I'm trying to figure out the mess of cut wires and connections on my 68 vert to get the horn and Dash/map courtesy light working. I have no idea why some previous owner decided to do some of the "improvements" to the system but here is what I'm working with.

In the first pic is the horn relay. The un-attached wire is the one wired to the horns and the one that goes through the firewall. If I apply 12 volts to the terminal wire, the horns will sound. The other wire that goes to the rear terminal of the left side of the relay (the one that goes though the firewall) is simply cut and left hanging near the fuse box. (it does appear to be brown)(?). The middle terminal on the relay reads 12v and the third terminal on the relay ( far right in the pic) buzzes when grounded and shows maybe 5-6 v while buzzing. Also, does the relay itself need to be grounded to the firewall? I would think that mine is but maybe not good enough?

In pic #2 is what is coming out of the steering wheel. (My flashers and turn signals all work normal) You will note the "missing wire" on the left side? maybe that is how it is suppose to be?

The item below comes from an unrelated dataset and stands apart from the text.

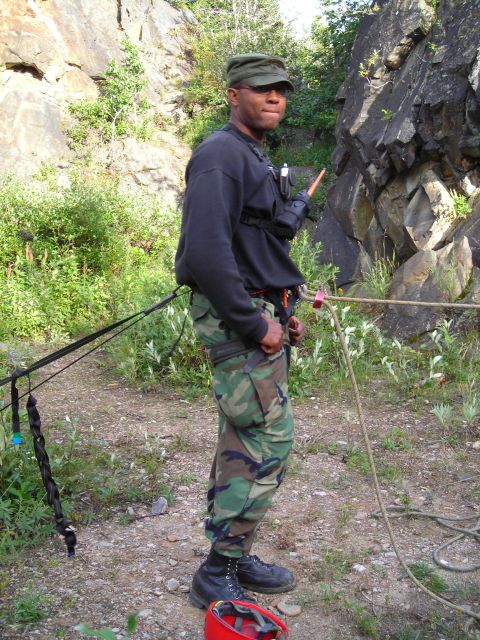 2003 Jeep TJ - A man prepares for climbing activities near a rocky outcrop with ropes and safety equipment visible.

In pic #3 is the other side of the connector where you will now notice a brown wire coming out of the left side. ( I have no idea what the 3 prong connector along side the big connector is.....(?)

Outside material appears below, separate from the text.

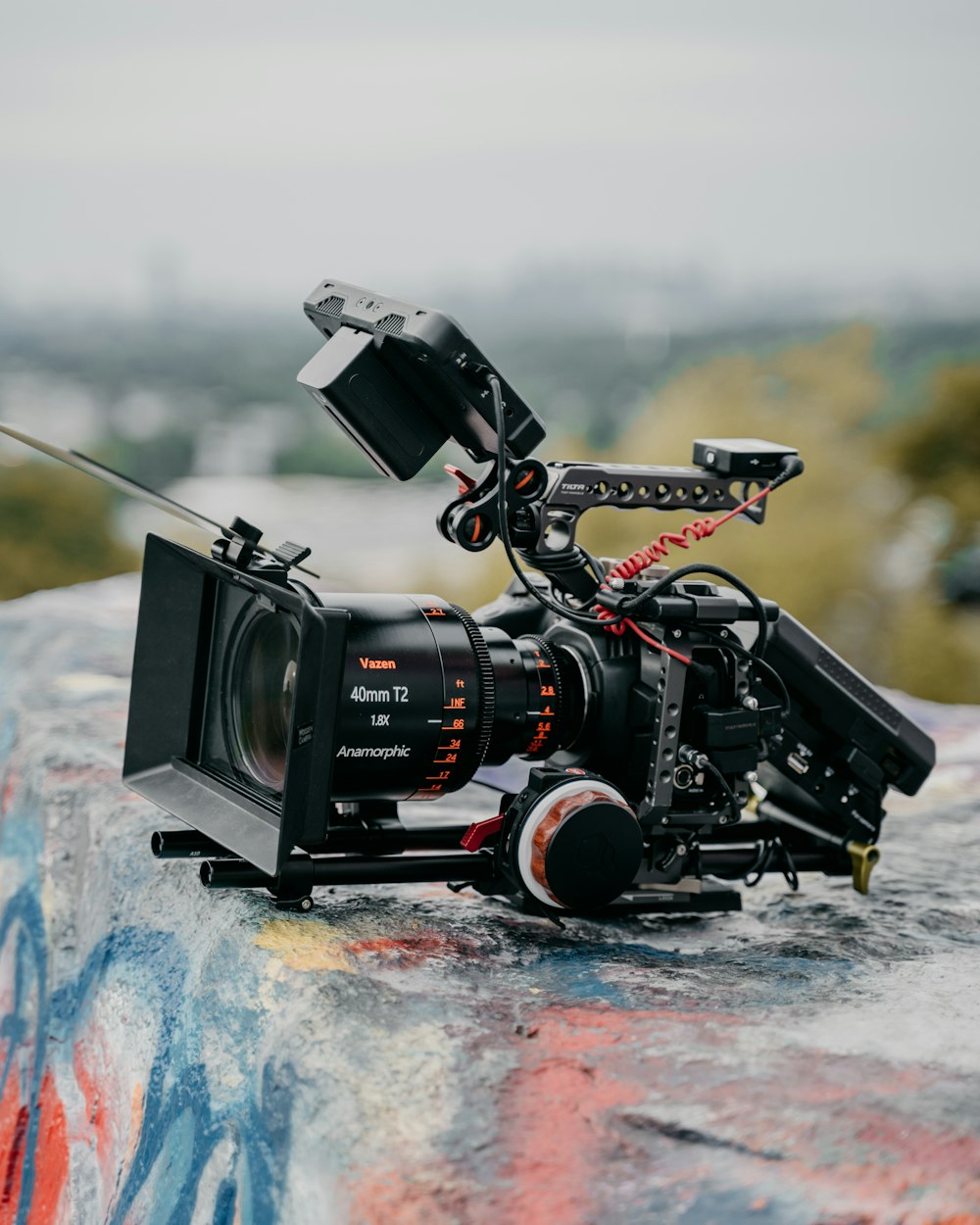 black video camera on white and blue surface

In pic #4 is just simply the male/female connectors connected. (Again note the brown wire?)

The 5th pic is the courtesy light cover. I assume the left terminal is for 12v power and the right is a "switched" ground that you would wire to the door switch? ( so it comes on when you open the door) ? I'm not even going to bother trying to figure out the glove box light lol.

Thanks for any input
James


----------



## jmt455 (Mar 26, 2012)

These should help:


----------



## 68 GTO 4spd (Apr 26, 2014)

Thanks for the help JMT. I have studied those, but it is difficult to trace the pathway of all the wires. Its still a work in progress. 

I did find the wire just "dangling" in through the firewall was something the old owner just spliced in, so I'm crossing my fingers its just a bad horn relay.......


----------



## BearGFR (Aug 25, 2008)

If you'll go check out classiccarwiring.com you'll find they have nice _color_ wiring diagrams available in several formats, including large plastic laminated sheets. I bought a set for my '69 and they sure make it a lot easier to trace circuits, especially with "old" eyes like mine.

Bear


----------



## 68 GTO 4spd (Apr 26, 2014)

Thanks Bear. Those look like a great investment, would come in very handy! 

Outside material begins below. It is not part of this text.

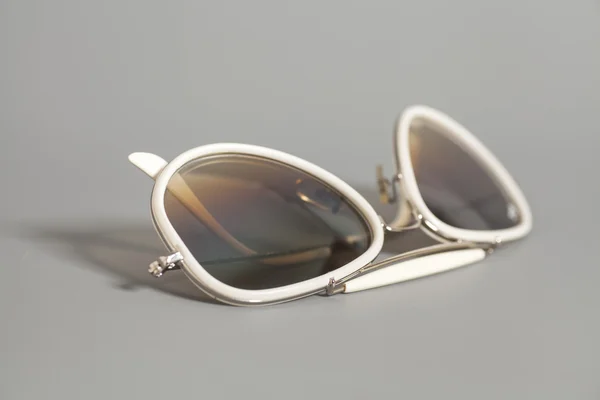 Óculos de sol brancos no fundo cinza — Fotografia de Stock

So I can hopefully get this resolved over the holiday weekend, could anyone tell me what color the Horn wire is, coming out of the steering column? From there I will trace it further downstream. I hate to pull the steering wheel to find out if someone knows.

Thanks again!


----------



## jmt455 (Mar 26, 2012)

The horn switch wire is Dark Green (pin "S") in the 68 steering column connector.

It runs from the bottom of the steering column connector (the semi-circular connector) to terminal "d" in the firewall connector. On the engine compartment side of the firewall connector, it is the dark green wire going to the horn relay.


----------



## 68 GTO 4spd (Apr 26, 2014)

Thank you good sir!


----------